[[ Data shown, beginning ]]
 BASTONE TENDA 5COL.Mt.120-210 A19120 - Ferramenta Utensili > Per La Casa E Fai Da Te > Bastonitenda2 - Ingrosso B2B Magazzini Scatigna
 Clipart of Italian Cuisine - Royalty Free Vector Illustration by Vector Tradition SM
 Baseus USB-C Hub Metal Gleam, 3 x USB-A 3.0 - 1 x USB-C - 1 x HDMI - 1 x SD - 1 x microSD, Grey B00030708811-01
[[ Data shown, end ]]
[[ Data shown, beginning ]]
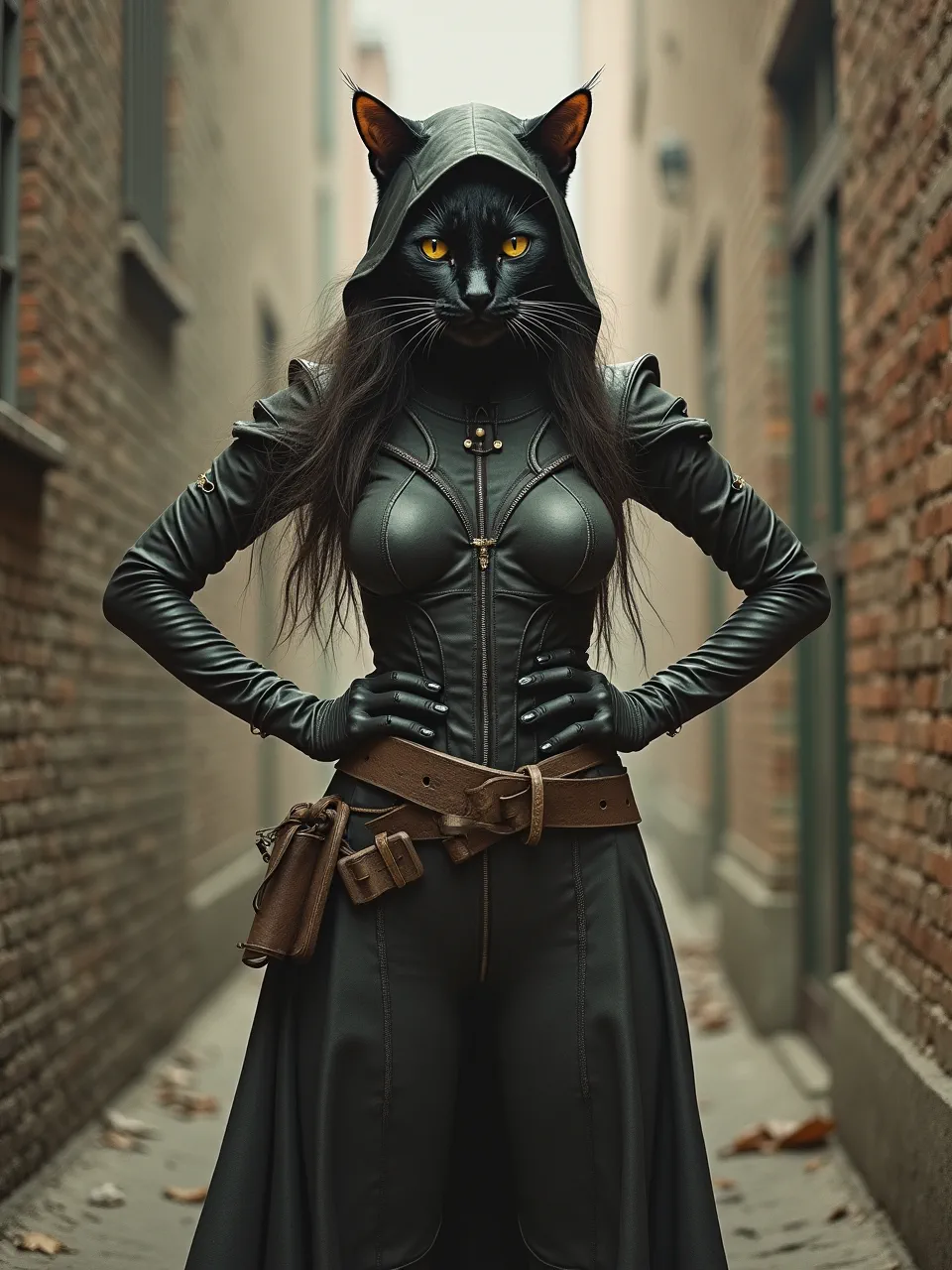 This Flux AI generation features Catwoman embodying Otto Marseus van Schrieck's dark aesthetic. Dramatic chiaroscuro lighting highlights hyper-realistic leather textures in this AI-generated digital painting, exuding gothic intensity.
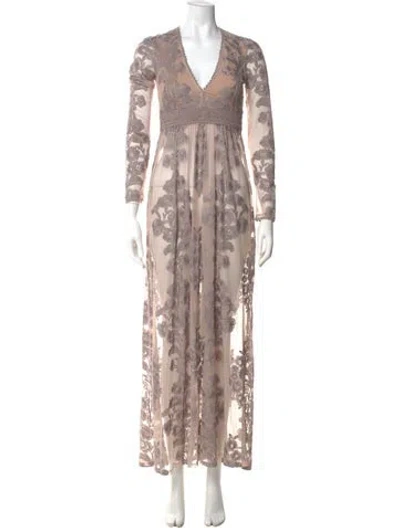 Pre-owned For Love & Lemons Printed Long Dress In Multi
[[ Data shown, end ]]
[[ Data shown, beginning ]]
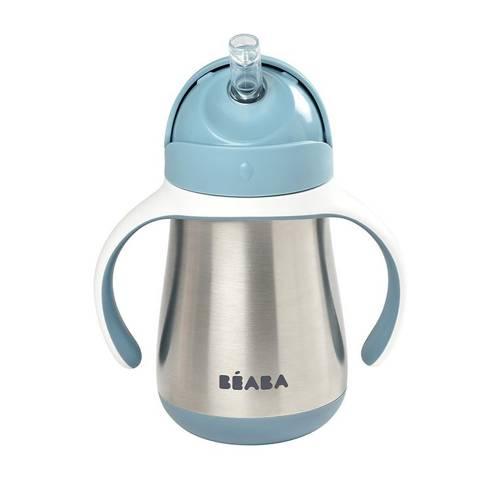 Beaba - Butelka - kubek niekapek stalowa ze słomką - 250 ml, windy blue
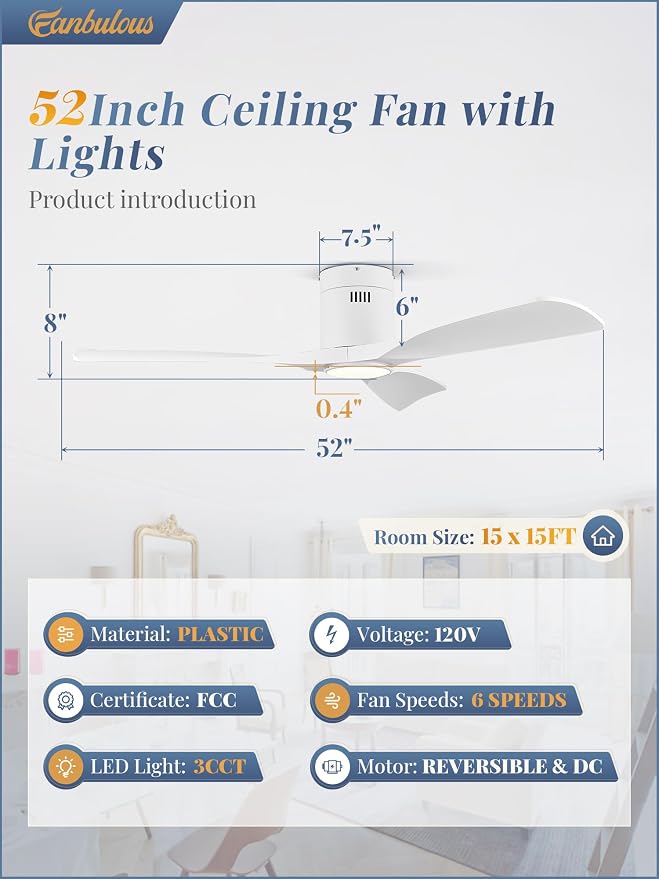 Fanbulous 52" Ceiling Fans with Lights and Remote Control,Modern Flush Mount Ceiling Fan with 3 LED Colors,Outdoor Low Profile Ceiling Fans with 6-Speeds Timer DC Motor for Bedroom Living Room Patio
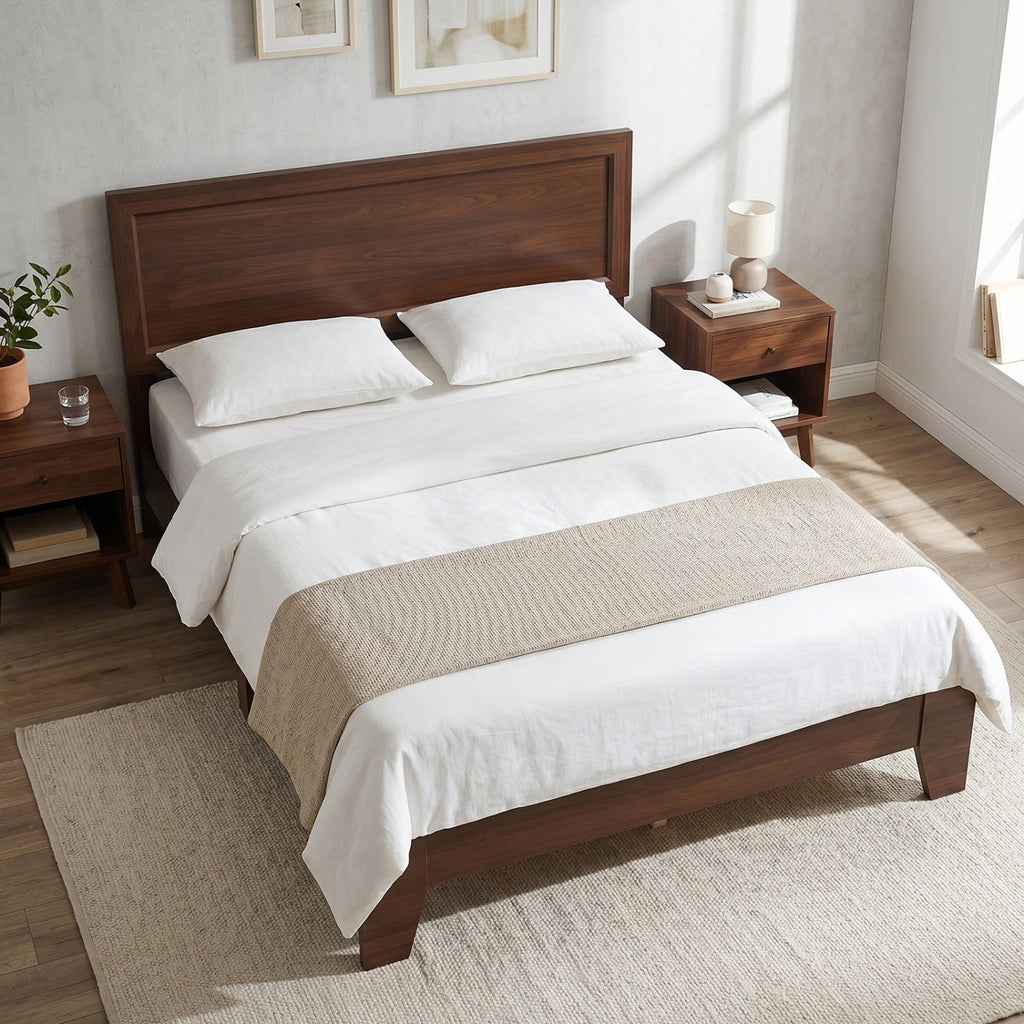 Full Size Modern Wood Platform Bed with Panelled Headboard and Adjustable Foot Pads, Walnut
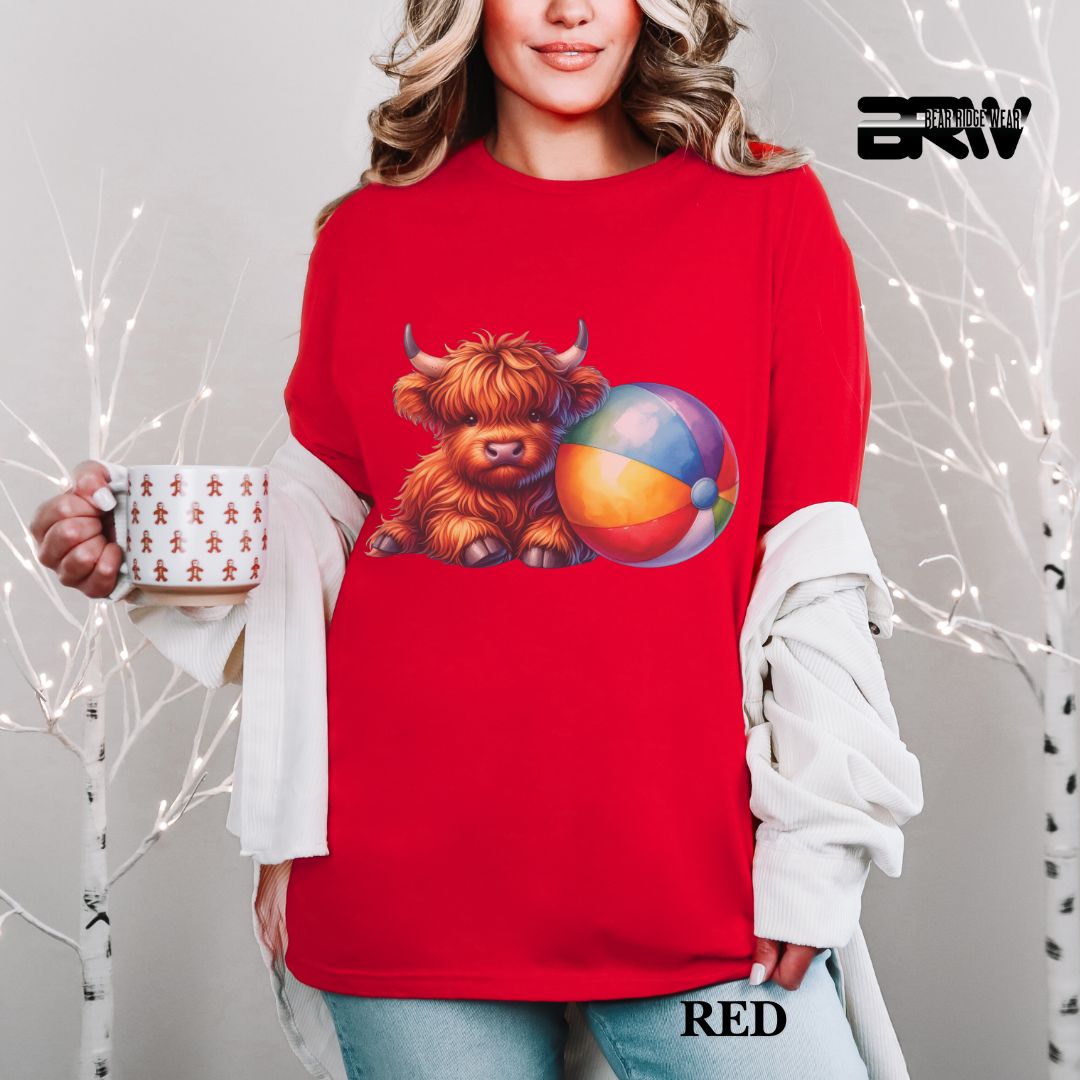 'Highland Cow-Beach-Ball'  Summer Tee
[[ Data shown, end ]]
• **What the task requires**:
Look above for the line holding "Clipart of Italian". Print it and every line after it, exactly, through the line holding "Baseus USB-C Hub".

• **Answer space**:
 Clipart of Italian Cuisine - Royalty Free Vector Illustration by Vector Tradition SM
 Baseus USB-C Hub Metal Gleam, 3 x USB-A 3.0 - 1 x USB-C - 1 x HDMI - 1 x SD - 1 x microSD, Grey B00030708811-01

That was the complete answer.